Misteri Taliban 2.0
APBN Afghanistan memang sangat tergantung pada bantuan asing. Sampai 75 persen dari anggaran yang diperlukan. Maka kebangkrutan sebenarnya memang tinggal tunggu waktu. Dan itu terbaca oleh siapa saja termasuk oleh Taliban.
Coba saja. Negara mana yang mau menyusui terus-menerus tanpa tahu kapan akan berakhir.
Afghanistan praktis tidak punya pendapatan untuk negara. Tidak ada industri. Tidak ada pelabuhan. Tidak ada barang yang bisa diekspor kecuali opium. Orang pintarnya pun banyak yang mengungsi.
Bayangkan, pendapatan dari pajaknya didominasi dari pajak opium. Mencapai 10 persen. Persentase itu kelihatan besar karena keseluruhan penerimaan pajaknya memang sangat kecil.
Saya pernah ke pusat tanaman opium di segitiga emas Thailand-Burma. Bersama Tomy Winata. Pakai pesawat khusus. Kami ingin melihat sukses Thailand mengubah pusat opium itu menjadi perkebunan buah almond. Untuk diekspor. (Baca Disway: Di Mana Pohon Besar).
Kisah sukses itu terdengar sampai Afghanistan. Ingin meniru. Tim dari Thailand sudah diundang ke pusat opium di Afghanistan. Sudah merancang kebun apa saja selain opium. Sebagai percontohannya. Saya tidak tahu bagaimana kelanjutan program itu.
Tentu sekarang ini muncul banyak problem berat di Afghanistan. Siapa lagi yang mau membantu dana ketika pemerintah justru di tangan Taliban. Yang mengakui saja baru dua: Tiongkok dan Rusia. Yang lain masih tunggu apakah janji Taliban dipenuhi: lebih terbuka dan moderat.
Salah satu masalah berat di sana adalah: bagaimana cara mengakomodasikan 160.000 tentara pejuang Taliban ke dalam sistem ketentaraan nasional. Itu terjadi di mana pun pasca revolusi.
Di Indonesia, di awal kemerdekaan dulu, begitu sulit menampung tentara pejuang kemerdekaan seperti itu. Ada syarat umur. Pendidikan. Jenjang latihan.
Tidak semua tentara pejuang memenuhi syarat masuk tentara reguler. Muncullah kisah seperti tecermin dalam Jenderal Nagabonar. Lahirlah istilah eks KNIL dan eks tentara pejuang seperti PETA. Saling tuding: Peta menuding KNIL pengkhianat. KNIL menuding PETA tentara amatir.

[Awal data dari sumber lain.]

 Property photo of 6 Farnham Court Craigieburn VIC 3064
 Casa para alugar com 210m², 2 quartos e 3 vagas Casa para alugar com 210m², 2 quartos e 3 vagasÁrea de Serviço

Kesulitan lain: bahan bakar. Tapi kekurangan BBM mungkin bisa dibantu Iran. Demikian juga kekurangan listrik. Selama ini listrik Afghanistan dicukupi dari Iran. Atau dari Tajikistan dan Uzbekistan. Ada transmisi listrik antar-negara.
Kemampuan Afghanistan memproduksi listrik memang hanya 600 MW. Hanya sama dengan satu provinsi Kalsel. Di sana memang besar sekali potensi listrik tenaga air. Tapi baru ada beberapa PLTA skala kecil.

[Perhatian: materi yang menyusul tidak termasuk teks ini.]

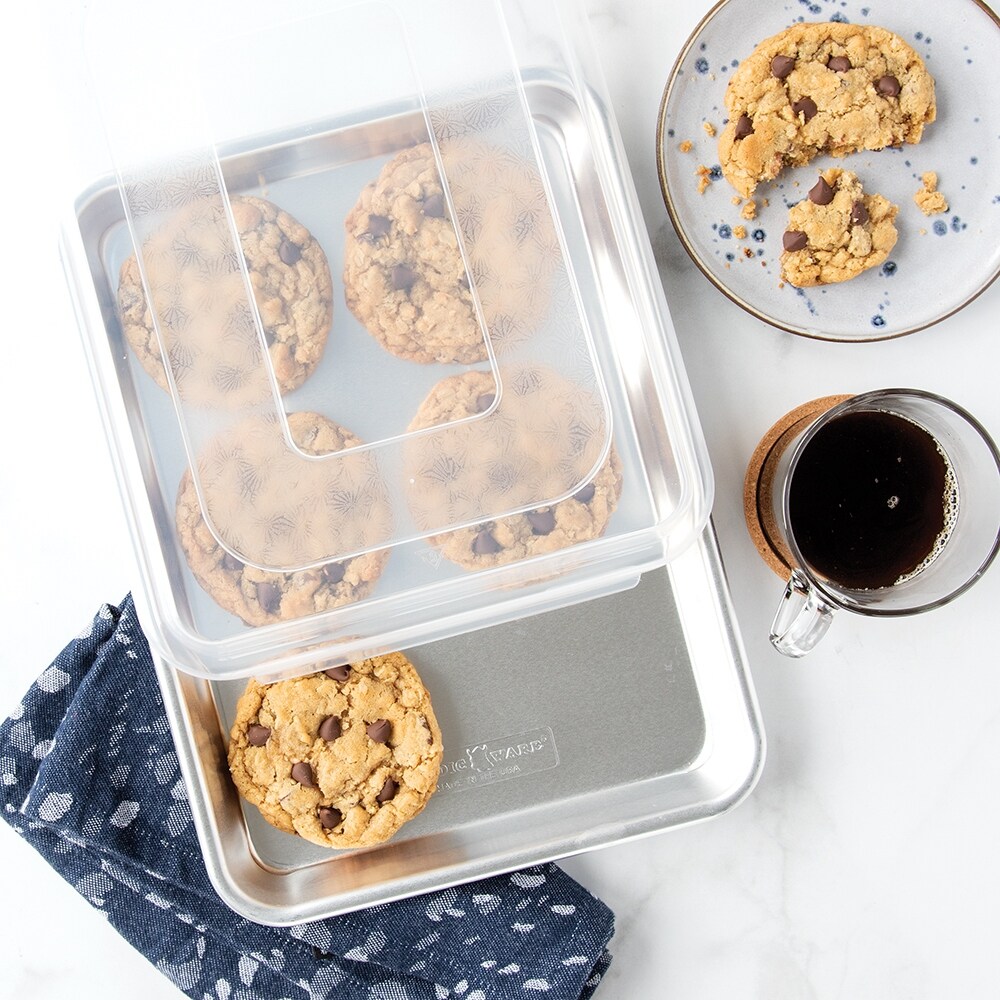 Nordic ware natural aluminum commercial outlet baker's half sheet with lid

Di situlah Tiongkok akan menunjukkan kejagoannya: listrik tenaga air skala besar. Dari sini Afghanistan akan bisa ekspor listrik ke Pakistan. Dari situ pula industrialisasi hasil pertanian bisa dimulai. Lalu industri lainnya.
Pertanyaan besar saya: apakah internet akan terus diizinkan oleh Taliban. Afghanistan sudah punya satelit: Afghan-1. Itulah sebabnya sudah ada HP 4G di sana. Dimiliki perusahaan asing dari Emirat. Jumlah kepemilikan handphone juga sudah hampir sama dengan jumlah penduduk: 34 juta HP untuk 38 juta warga negara.
Saya berharap Taliban tidak melarang Internet. Mungkin bisa belajar mengendalikan internet dari Tiongkok. Silakan saja politiknya dikendalikan. Tapi bidang hukum, pendidikan, ekonomi, ilmu pengetahuan, dan internet lucu-lucuan jangan dikendalikan.
Dari situlah perubahan sosial dan budaya bisa terjadi lebih cepat di Afghanistan.
Taliban 1.0 sudah lewat. Taliban 2.0 masih misteri besar. (*)
*) Tulisan ini dikutip dari Harian Disway.